【4月12日 AFP】動画配信大手の米ネットフリックス(Netflix)が今年のカンヌ国際映画祭(Cannes Film Festival)に参加しない方針を示していることが11日、同社幹部のインタビューから明らかになった。出品作をフランスでの劇場公開作品に限定する新ルールが理由だという。

 ネットフリックスのテッド・サランドス(Ted Sarandos)最高コンテンツ責任者(CCO)は、11日発売の米娯楽誌バラエティ(Variety)のインタビューで、カンヌ国際映画祭がフランスで劇場公開しない映画のコンペティション部門出品を禁止する新ルールを導入したと説明。

「わが社の映画が、あらゆる他の映画制作会社の作品と共に公正に扱われることを希望する」「このような方法では、われわれの映画と映画制作会社が映画祭で不当な扱いを受ける恐れがある」などと語った。

「彼ら(カンヌ映画祭)は基調を打ち出した。そこへ行くのがわれわれにとって良いことだとは思わない」(サランドス氏)

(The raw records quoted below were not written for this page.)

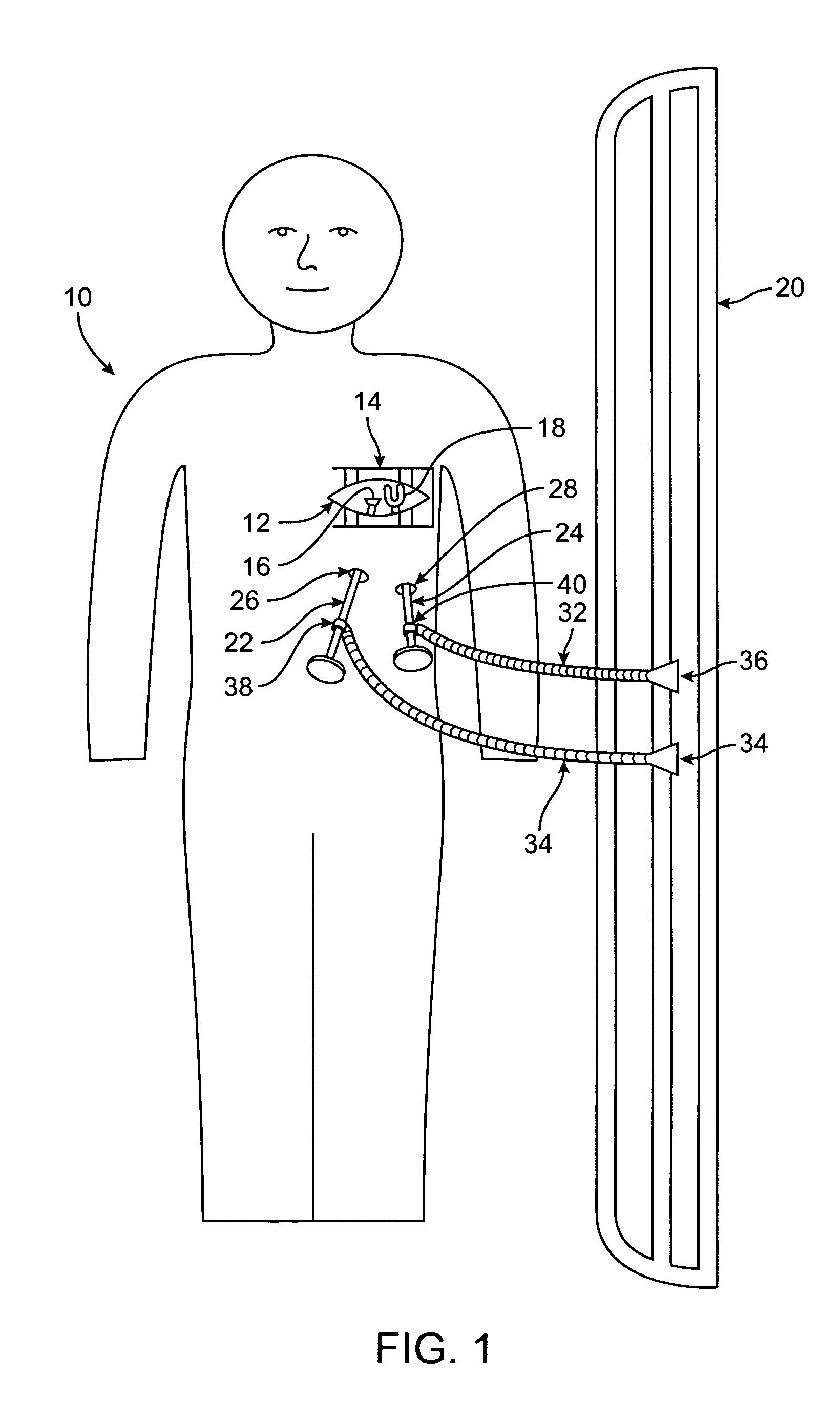 Methods and devices for cardiac surgery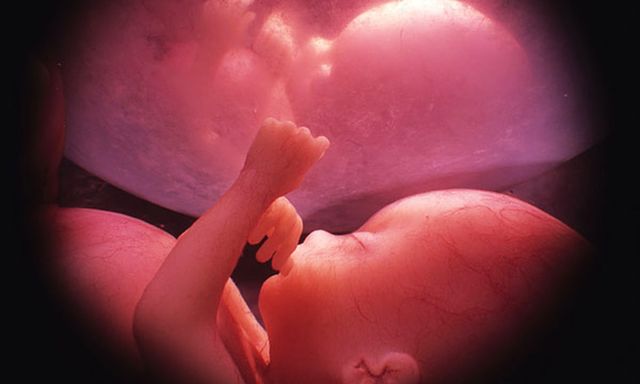 Primer nacimiento asistido de un humano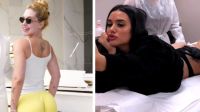 Entenda riscos de harmonização nos glúteos, queridinho entre as blogueiras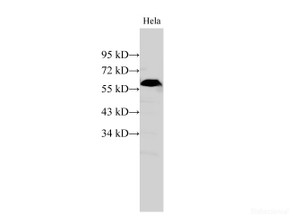 Western Blot analysis of HeLa cell using PKM Polyclonal Antibody at dilution of 1:500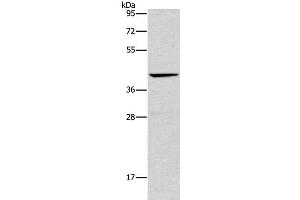 Western Blot analysis of Mouse liver tissue using ORM2 Polyclonal Antibody at dilution of 1:500 (Orosomucoid 2 antibody)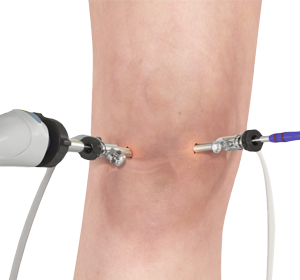 Knee Arthroscopy - Educational Picture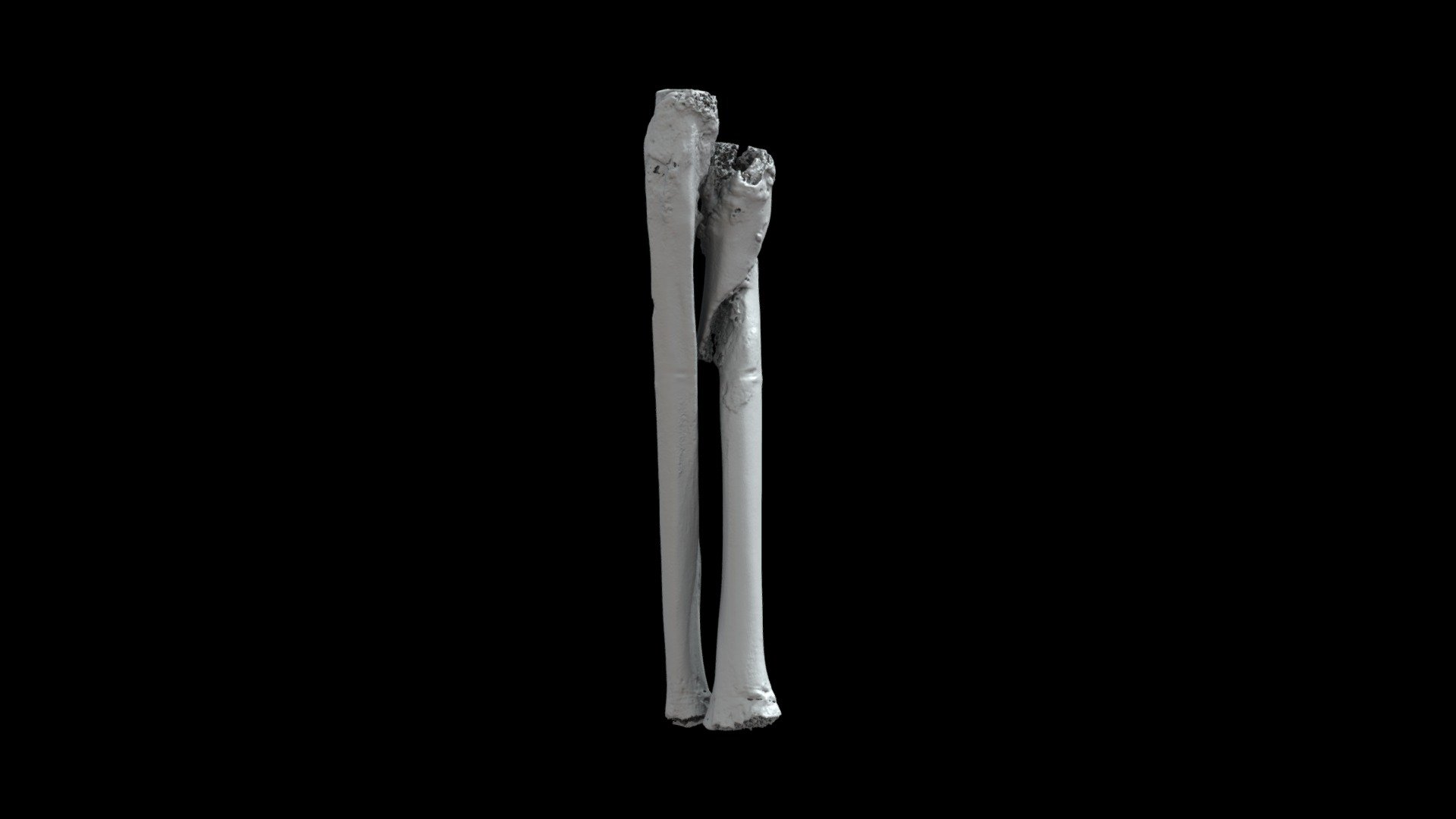 Radius/ulna GSW (VCU_3D_5296) - 3D model by Virtual Curation Lab ...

 ネットフリックスは昨年のカンヌ国際映画祭に『オクジャ(Okja)』と『マイヤーウィッツ・ストーリーズ(The Meyerowitz Stories)』の2作品を出品したが、『オクジャ』のフランス国内での映画館上映を拒否し自社ウェブサイトでのストリーミング配信を優先したことで物議を醸した。

 フランスの法律は、劇場公開後3年間にわたり映画のストリーミング配信を禁じている。この規制については、海賊版の横行や、ネットフリックスをはじめとするストリーミング配信サービスの人気が米国で急上昇している中で、時代遅れだとの見方が強い。

 ネットフリックスは自社作品のフランスでの劇場公開に前向きな姿勢を示す一方、ストリーミング配信まで3年も待ってはいられないと主張している。